Pie and I have been really working together on our canter. Saturday and Sunday, due to the Thanksgiving weekend, we were able to have the indoor arena to ourselves, and some very good work got done by both of us. His walk and trot work are now consistently soft, and he's able to track up and bend well to both right and left, which means we can do good circles and corners.
After a good bit of very nice canter work on Saturday, our canter work on Sunday was the best we've ever done. On the left lead, he was offering softness for long stretches, and bending well and carrying himself around the corners and around large circles. On the right lead, he still tends to invert his head and neck and pop his shoulder to the inside - essentially maintaining a left bend - but we worked hard on getting him to bend into corners and on circles to the right, and we got some good softness at various points. Now we need to get that going consistently - I need to do more massage on the left side of his neck, which tends to get tight, to help him with the bending to the right. I also need to improve my breathing and thinking light footfalls, to help him lift and engage from the hind end. And most importantly, I have to ride him the way I want him to go. But what does that mean? In this case, on his right lead, I need to continue to offer him the feel of cantering correctly with a right bend and softness. This means I have to carry myself as if that is what he were doing - so, instead of following with my own body his tendency to drop his inside shoulder and bend left, I need to position my seat, legs and shoulders as if he were bending right and offer him softness when he gets there.
This is one small example of riding the horse the way you want him to go - it has application to everything we do together and really comes down to offering the horse the feel you want, mentally and physically, and allowing the horse to find and stay in that soft spot. A part of this involves ignoring the things you don't want - if you focus on that, you've taken your eye off the ball - and focussing on offerting and getting what you do want. Easier said than done, of course . . .
Pie's and my warm up at walk and trot, doing small circles with good tracking up and bend, as well as some leg yield work, made a big difference to the canter work.
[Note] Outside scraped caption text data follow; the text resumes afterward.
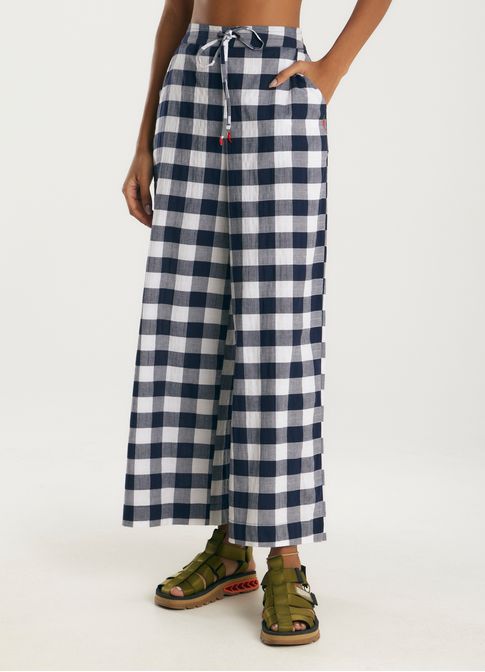 Calça algodão maxi vichy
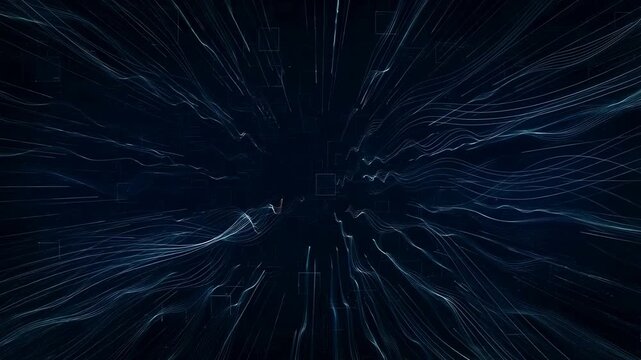 Abstract animation of glowing blue lines flowing outward from the center on a dark background. Animated texture shows lines and rectangles with flowing movement.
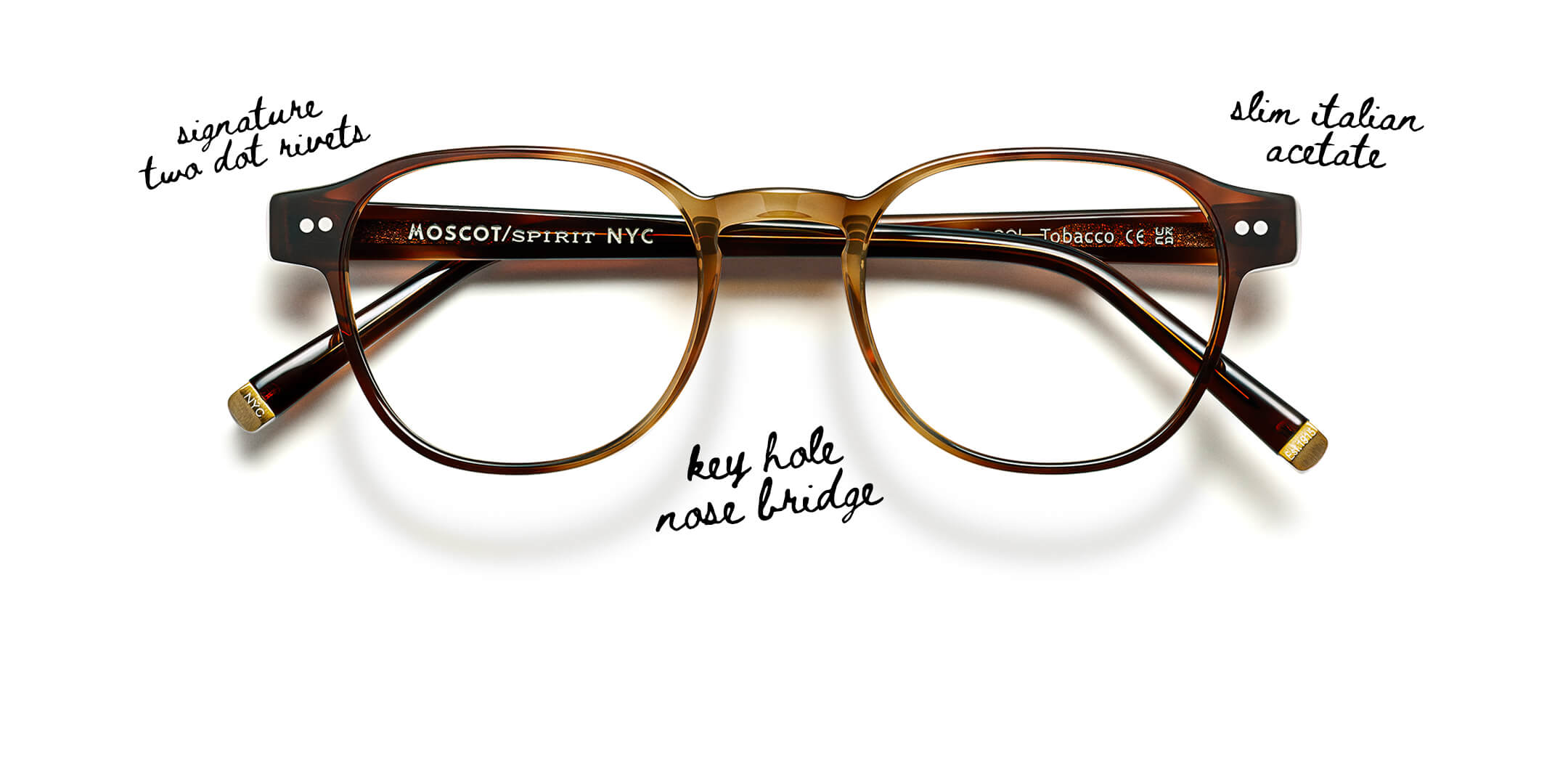 The ARTHUR: Signature two dot rivets, key hole nose bridge, and slim Italian acetate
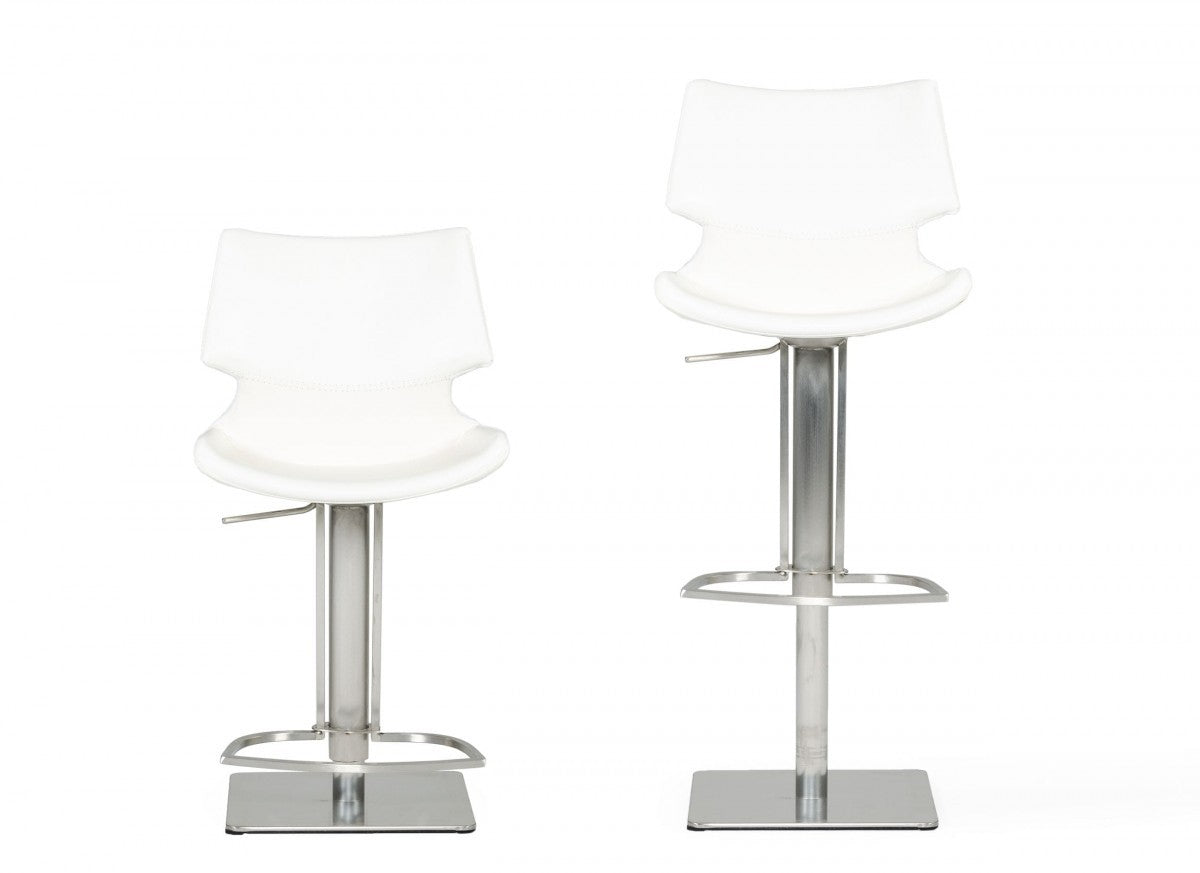 31" White And Silver Faux Leather And Steel Swivel Low Back Bar Height Bar Chair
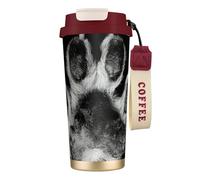 JEJEA Pawprint Print Stainless Steel Insulated Mugs, Double Wall Coffee Cups, Coffee Travel Mug for Home Office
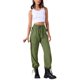 thumbnail image 2 of Pantalones Cargo Livianos de Cintura Alta con Cordón Elástico y Pierna Ancha con Bolsillos XL Verde, 2 of 6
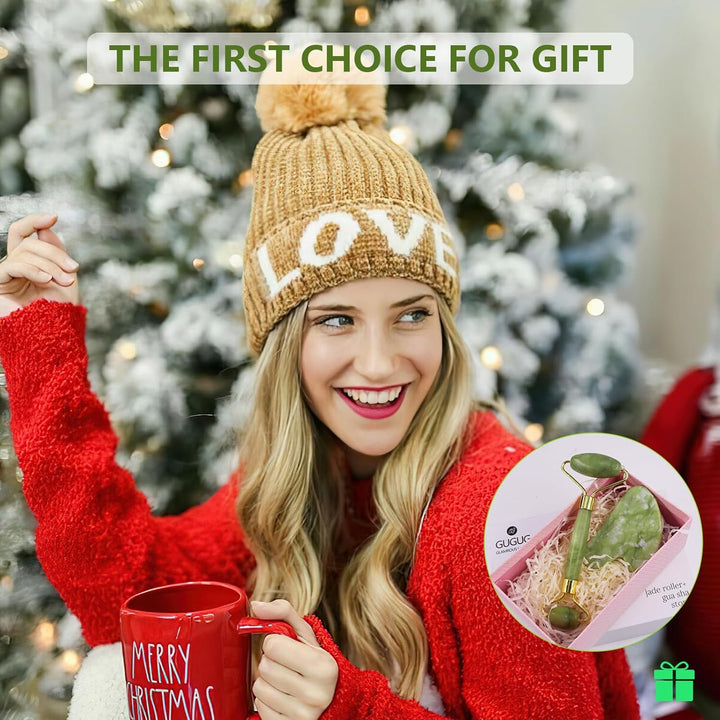 Gua Sha and Jade Roller Set, Gua Sha Stone, Face Roller Massage Tool for Skin Care Routine, Guasha Tool for Face, Neck and Body Muscle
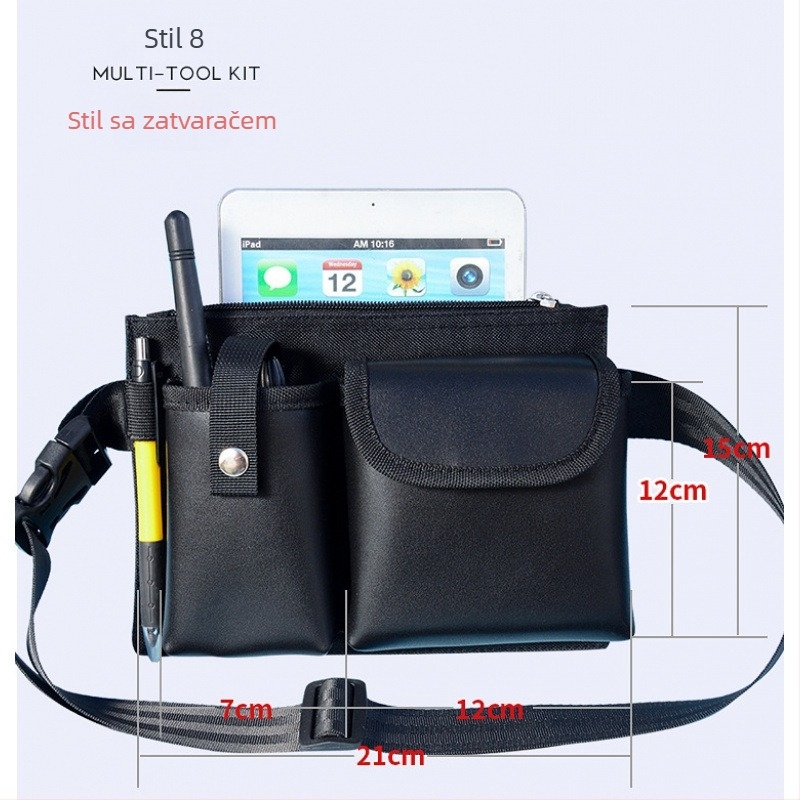 Sportska torbica za pojas — Višenamjenska kožna torba za pojas s prostorom za mobitel i radio; za muškarce; proljeće 2024; ledeni sportovi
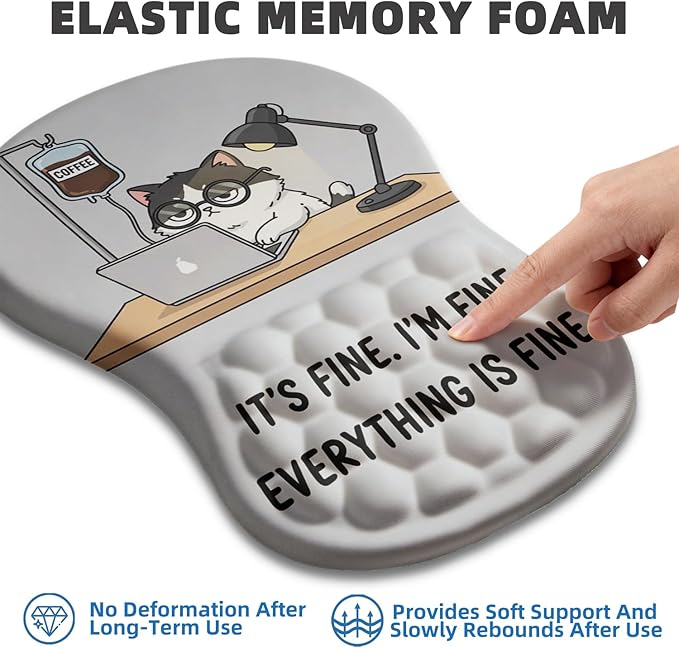 Ergonomic Mouse Pad Wrist Rest Carpal Tunnel Pain Relief Wrist Support Mousepad with Massage Bulge Memory Foam (Coffee Cat 11.8x7.9 in)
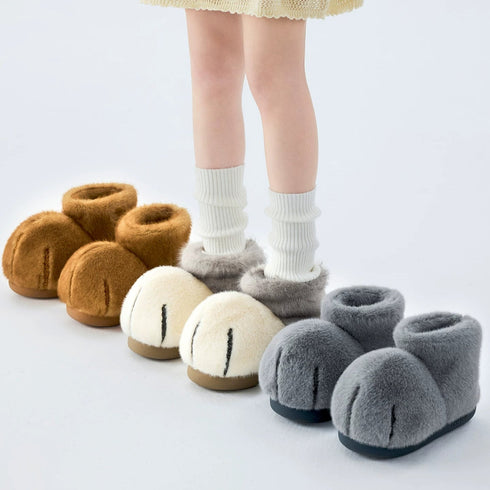 Plush Cat Paw Ankle Boots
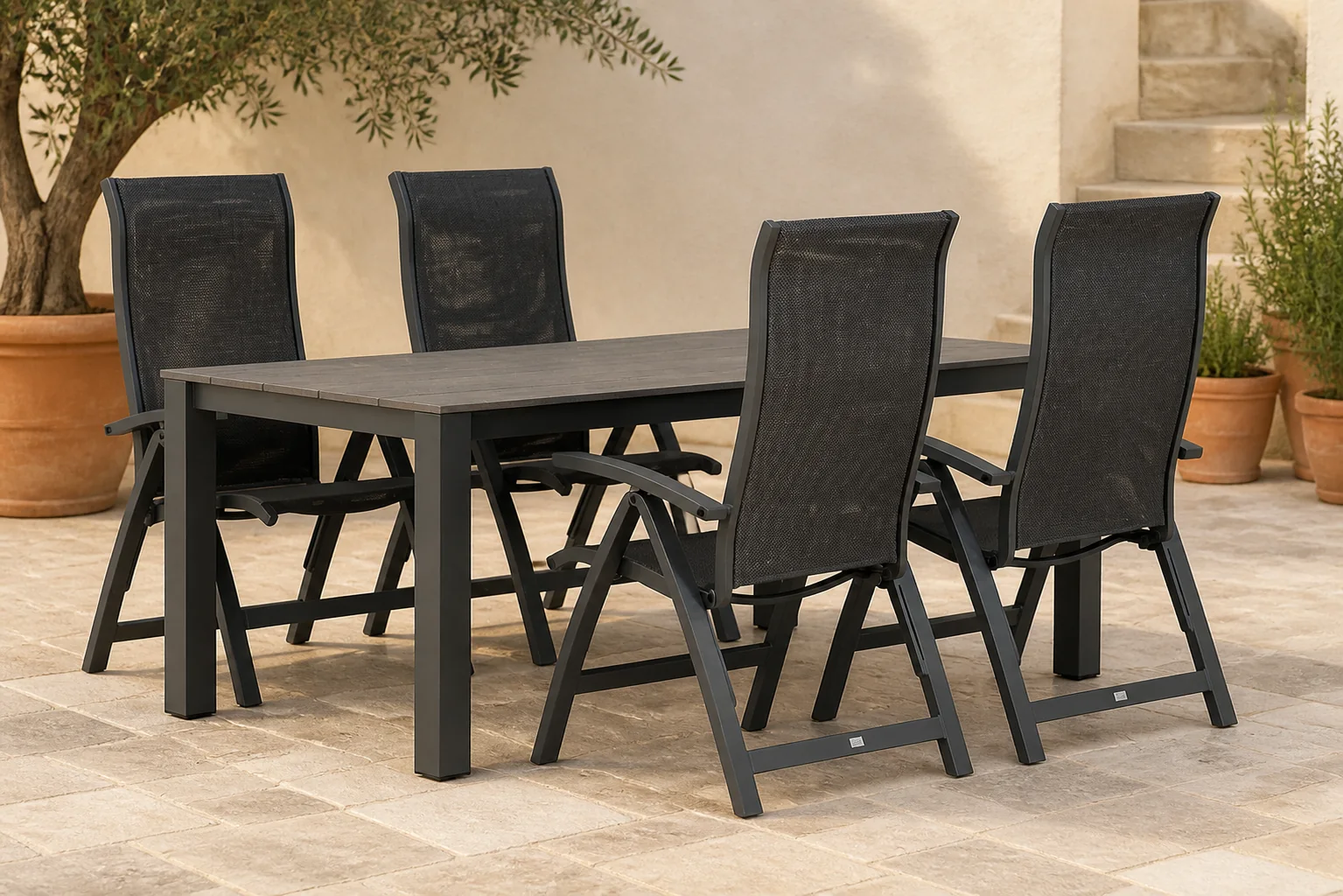 Sfeerfoto van Presto Tarenta/Valley 180 cm dining tuinset 5-delig – Grijs-antraciet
Pie was right with me at every moment - while we were halted, resting, we did some lovely sidepass, turn on the haunches and turn on the forehand work - he was like butter and there was no hesitation - everything was soft and delightful.
We finished with some figure 8s at canter, with a simple change in the middle - he's not quite ready for a flying change but we're close, and then some sitting, collected trot serpentines. Just plain wonderful - that's my Pie!